- [Records to process]
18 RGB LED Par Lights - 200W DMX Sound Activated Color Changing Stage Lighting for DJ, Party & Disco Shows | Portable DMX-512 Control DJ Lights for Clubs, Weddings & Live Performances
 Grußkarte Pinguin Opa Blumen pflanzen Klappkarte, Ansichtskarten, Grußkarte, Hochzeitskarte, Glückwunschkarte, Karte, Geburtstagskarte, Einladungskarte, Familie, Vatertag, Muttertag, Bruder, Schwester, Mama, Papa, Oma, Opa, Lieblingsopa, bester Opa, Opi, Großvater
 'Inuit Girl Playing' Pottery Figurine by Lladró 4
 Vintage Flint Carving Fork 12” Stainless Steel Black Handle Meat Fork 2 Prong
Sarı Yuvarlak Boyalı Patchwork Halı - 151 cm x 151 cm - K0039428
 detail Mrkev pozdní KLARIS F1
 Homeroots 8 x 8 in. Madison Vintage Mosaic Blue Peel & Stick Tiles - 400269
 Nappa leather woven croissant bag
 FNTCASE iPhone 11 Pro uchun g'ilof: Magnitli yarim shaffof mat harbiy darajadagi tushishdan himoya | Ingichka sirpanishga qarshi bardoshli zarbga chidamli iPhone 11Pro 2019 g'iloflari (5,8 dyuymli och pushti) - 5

- [Exercise instructions] Please return exactly the lines from the first line of the material through the one with "Nappa leather woven croissant bag", and no lines after it.

- [Solution for this exercise]
18 RGB LED Par Lights - 200W DMX Sound Activated Color Changing Stage Lighting for DJ, Party & Disco Shows | Portable DMX-512 Control DJ Lights for Clubs, Weddings & Live Performances
 Grußkarte Pinguin Opa Blumen pflanzen Klappkarte, Ansichtskarten, Grußkarte, Hochzeitskarte, Glückwunschkarte, Karte, Geburtstagskarte, Einladungskarte, Familie, Vatertag, Muttertag, Bruder, Schwester, Mama, Papa, Oma, Opa, Lieblingsopa, bester Opa, Opi, Großvater
 'Inuit Girl Playing' Pottery Figurine by Lladró 4
 Vintage Flint Carving Fork 12” Stainless Steel Black Handle Meat Fork 2 Prong
Sarı Yuvarlak Boyalı Patchwork Halı - 151 cm x 151 cm - K0039428
 detail Mrkev pozdní KLARIS F1
 Homeroots 8 x 8 in. Madison Vintage Mosaic Blue Peel & Stick Tiles - 400269
 Nappa leather woven croissant bag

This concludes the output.